- [Task directions] The answer must be an exact copy of the records, with every picture removed.

- [Dataset excerpts]

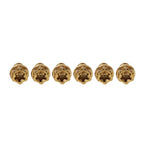 Set of 6 Titanium M10x40mm Torx Head Flange Screws for Motorcycle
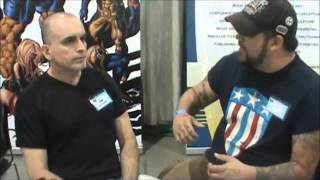 Famous Mike Deodato with Pixelated Dimensions at Philly Comic Con Wealth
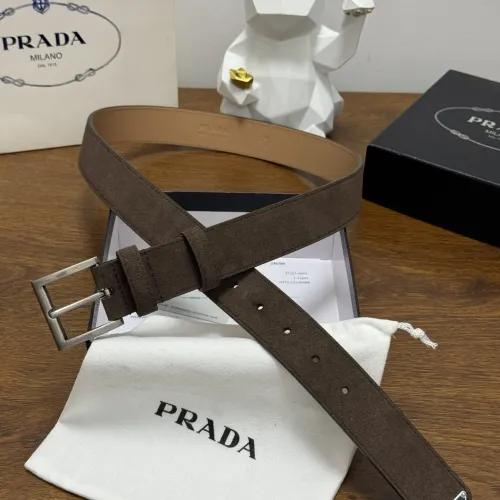 Wholesale Prada AAA Quality Belts In 3.5cm For Men #1419448 $60.00 USD, Wholesale Quality Replica Prada AAA Quality Belts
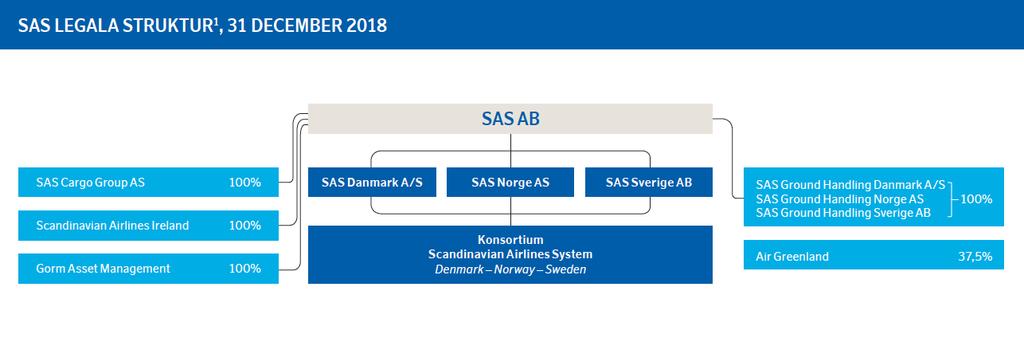 4. Företagsbeskrivning - Scandinavian Airlines SAS skapades år 1946 från tre olika skandinaviska flygbolag och deras första trafikerade sträcka var Stockholm till New York (SAS Group 2019a).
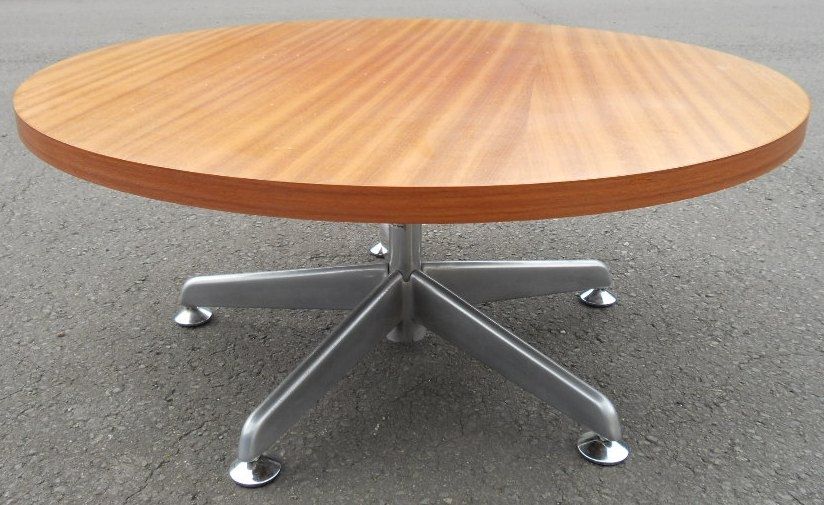 Awesome High Quality Chrome Coffee Table Bases In Pedestal Coffee Table Round (Photo 22 of 50)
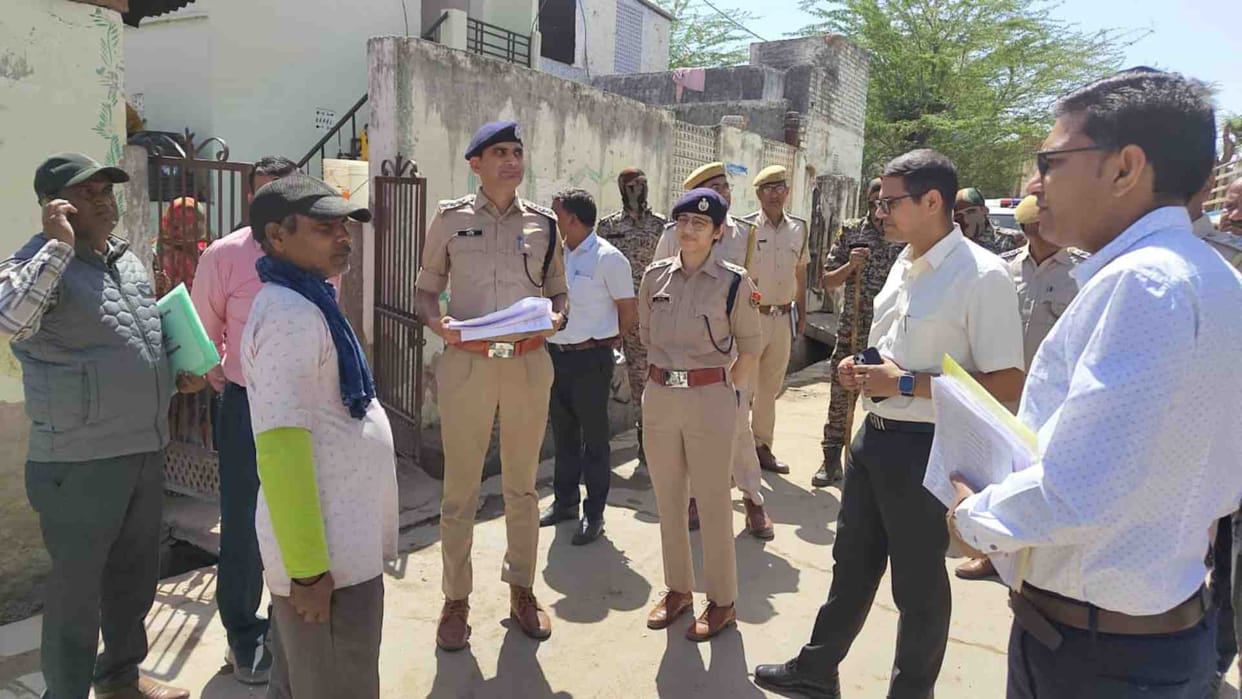 Dausa News: Officials inspected critical polling stations before Lok Sabha elections.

- [Task response]
 Set of 6 Titanium M10x40mm Torx Head Flange Screws for Motorcycle
 Famous Mike Deodato with Pixelated Dimensions at Philly Comic Con Wealth
 Wholesale Prada AAA Quality Belts In 3.5cm For Men #1419448 $60.00 USD, Wholesale Quality Replica Prada AAA Quality Belts
 4. Företagsbeskrivning - Scandinavian Airlines SAS skapades år 1946 från tre olika skandinaviska flygbolag och deras första trafikerade sträcka var Stockholm till New York (SAS Group 2019a).
 Awesome High Quality Chrome Coffee Table Bases In Pedestal Coffee Table Round (Photo 22 of 50)
 Dausa News: Officials inspected critical polling stations before Lok Sabha elections.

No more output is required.